I'm not sure I follow your comment. Indeed, that is how 
shared_ptr, or, in this case, RefCounted, is implemented. My 
point was that there is no practical sense in having a 
shared(RefCounted).


Re: automem v0.0.7 - C++ style smart pointers using std.experimental.allocator

2017-04-17 Thread Kagamin via Digitalmars-d-announce
On Wednesday, 12 April 2017 at 13:32:36 UTC, Stanislav Blinov 
wrote:
Syntax is not the core of the issue, it's not about just 
marking a destructor as shared. Making RefCounted itself shared 
would require implementing some form of synchronization of all 
the 'dereference' operations, including assignments. I.e. if we 
have some shared(RefCounted!T) ptr, what should happen when two 
threads simultaneously attempt to do ptr = 
shared(RefCounted!T)(someNewValue) ? Should a library 
implementation even consider this? Or should such 
synchronization be left to client's care? It seems like in this 
regard shared(RefCounted!T) would be no different from 
shared(T*), which brings me to the next point.
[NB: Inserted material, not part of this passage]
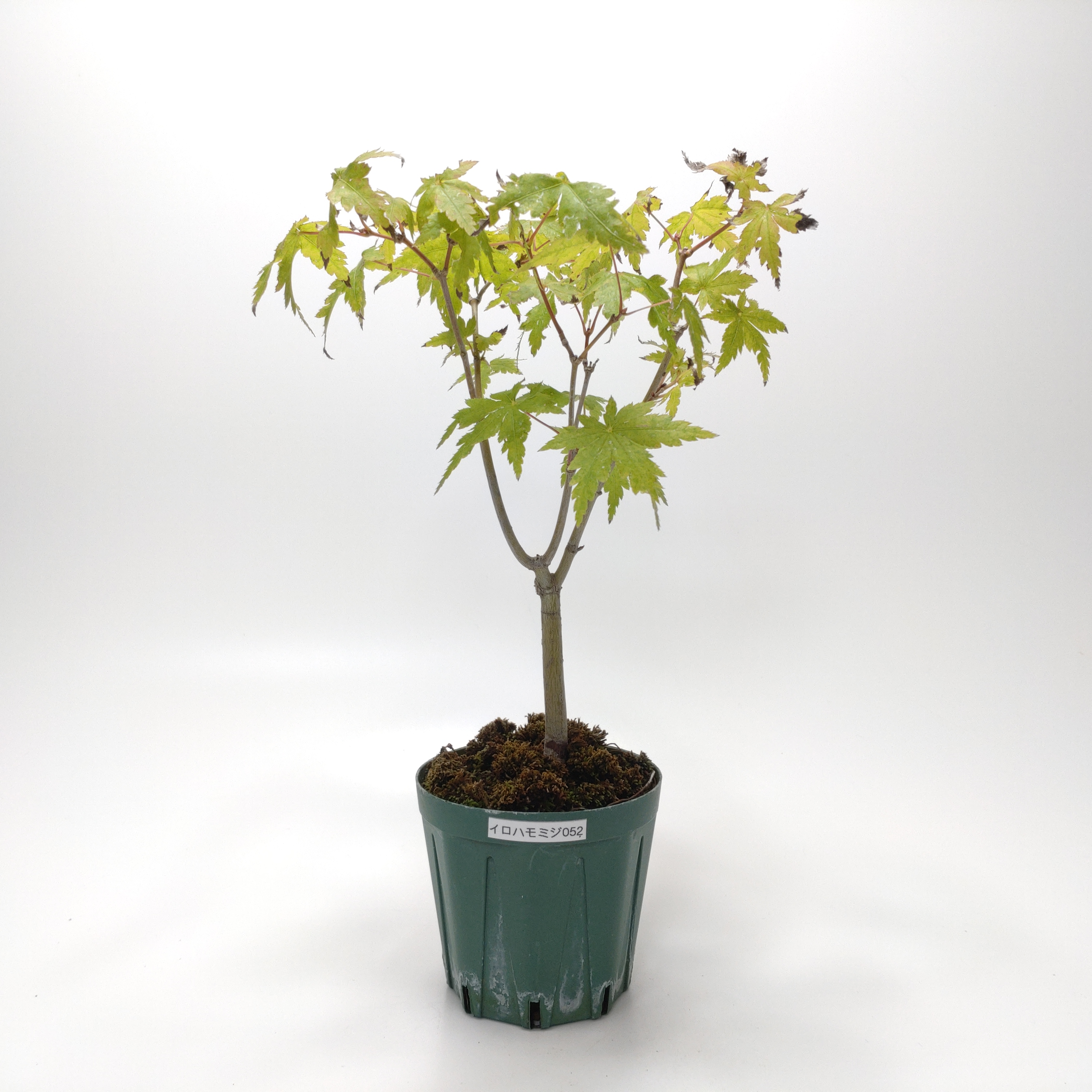 イロハモミジ（紅葉）SS052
If we can control memory layout, we can do what shared_ptr does 
and couple the reference counter with the object, then we can 
have just one pointer:


struct RefCounted(T)
{
  struct Wrapper
  {
int count;
T payload;
  }
  Wrapper* payload;
}


Re: automem v0.0.7 - C++ style smart pointers using std.experimental.allocator

2017-04-12 Thread Stanislav Blinov via Digitalmars-d-announce

On Monday, 10 April 2017 at 08:11:37 UTC, Atila Neves wrote:
On Sunday, 9 April 2017 at 13:59:14 UTC, Andrei Alexandrescu 
wrote:


Great. Can RefCounted itself be shared? I learned this is 
important for composition, i.e. you want to make a RefCounted 
a field in another object that is itself shared, immutable etc.


Since it has a destructor, no:

http://forum.dlang.org/post/sqazguejrcdtjimtj...@forum.dlang.org

The only way to do that would be to split it into two. Which I 
guess I could with a template mixin implementing the guts.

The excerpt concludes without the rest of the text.